→ Required action
From the first line of the listing below to the line containing "This gives you", write out everything exactly. No pictures.

→ Data provided
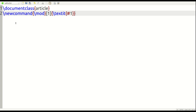After the arguments, you put the actual definition — this is what the command will do. For our purposes we're going to use \textit because we want it to italicize, and then we put our #1 inside it. So the command \mod is going to take whatever word you give it and apply #1 to it, meaning italicize it. This will make more sense when we do an example with more than one argument.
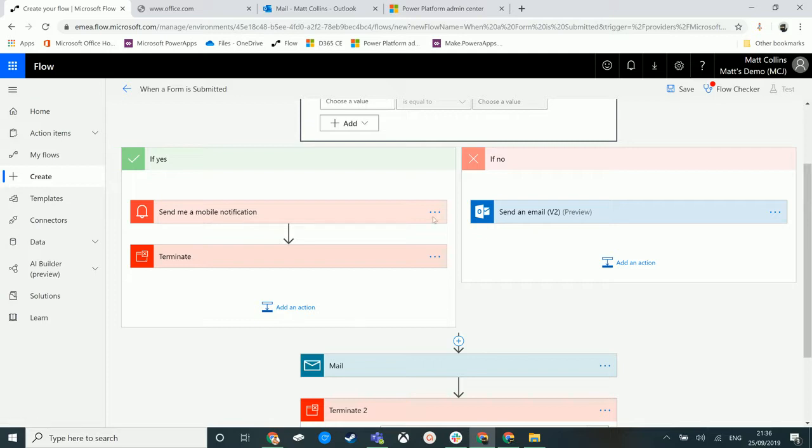This gives you that ability to stop a flow in its tracks, which is a really useful thing. We have the same thing in Dynamics 365 CE workflows at the moment. So it's good to see that we've got this in Microsoft flow as well.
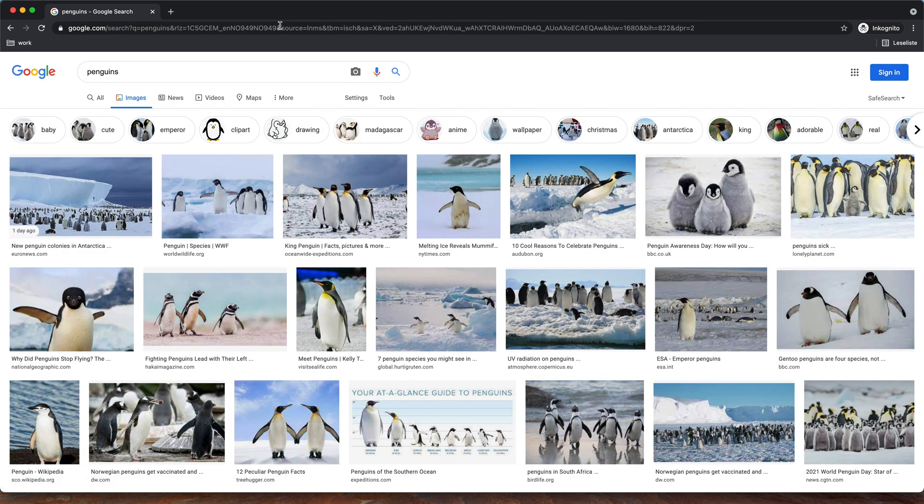Look at all the cute penguins. Well what can I say? That wasn't too hard. Now we can see as many pictures of penguins as we want.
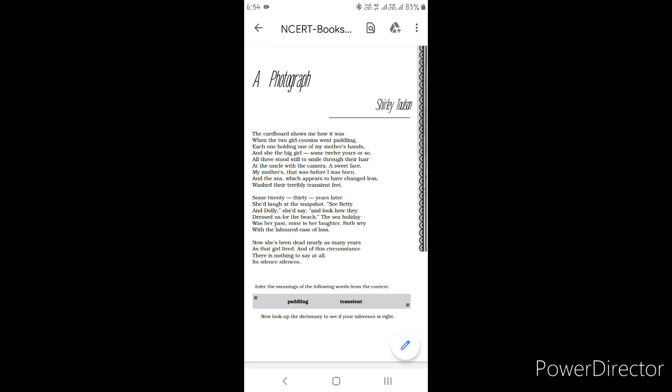The cardboard shows me how it was when the two girl cousins went paddling, each one holding one of my mother's hands, and she the big girl some 12 years or so. In these lines, the poet is looking at an old photo album which is made up of cardboard. In the picture, there are three girls who are walking on the beach holding each other's hands. The girl in the middle is the tallest and oldest. The other two girls on each side are younger than her. The girl in the middle is the poet's mother. She is around 12 years old and the picture was taken.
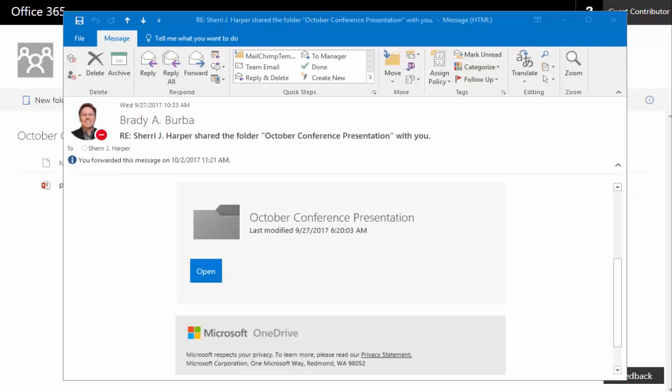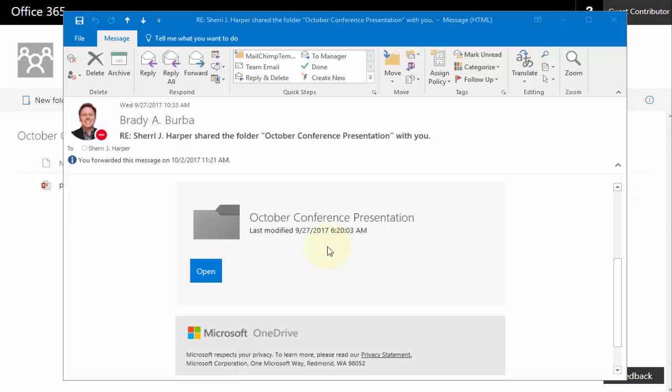Whenever you get an email from the person from the conference or someone throughout the entire state of Tennessee, you're going to get an email that may look similar to this. This is the current format that Microsoft is using. It will show you the folder name and right here this will be a button.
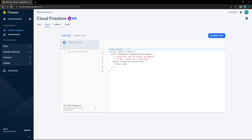Alright, that's it for the Firebase section of this series. In the next few lessons, we'll learn how to use the Composition API as well as the new script setup. Thank you for watching, we'll see you in the next one.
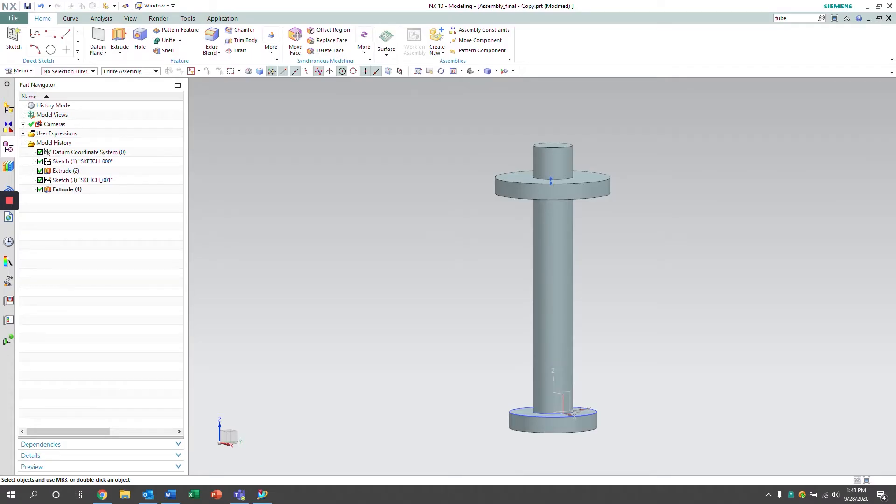Hello, my name is Rita and I am a mechanical engineer at Saratech. Today I'm going to show you how to define a deformable component within an assembly.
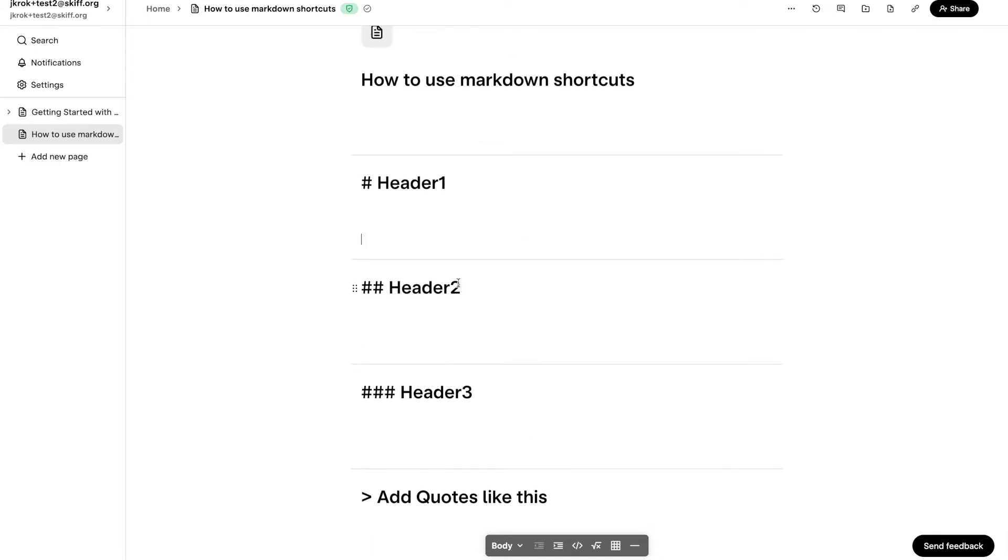Hey, welcome back to another video explaining SCIF, the end-to-end encrypted and decentralized collaboration platform. Today we will be learning how to use markdown shortcuts in SCIF. Let's get started.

→ Task answer
After the arguments, you put the actual definition — this is what the command will do. For our purposes we're going to use \textit because we want it to italicize, and then we put our #1 inside it. So the command \mod is going to take whatever word you give it and apply #1 to it, meaning italicize it. This will make more sense when we do an example with more than one argument.
This gives you that ability to stop a flow in its tracks, which is a really useful thing. We have the same thing in Dynamics 365 CE workflows at the moment. So it's good to see that we've got this in Microsoft flow as well.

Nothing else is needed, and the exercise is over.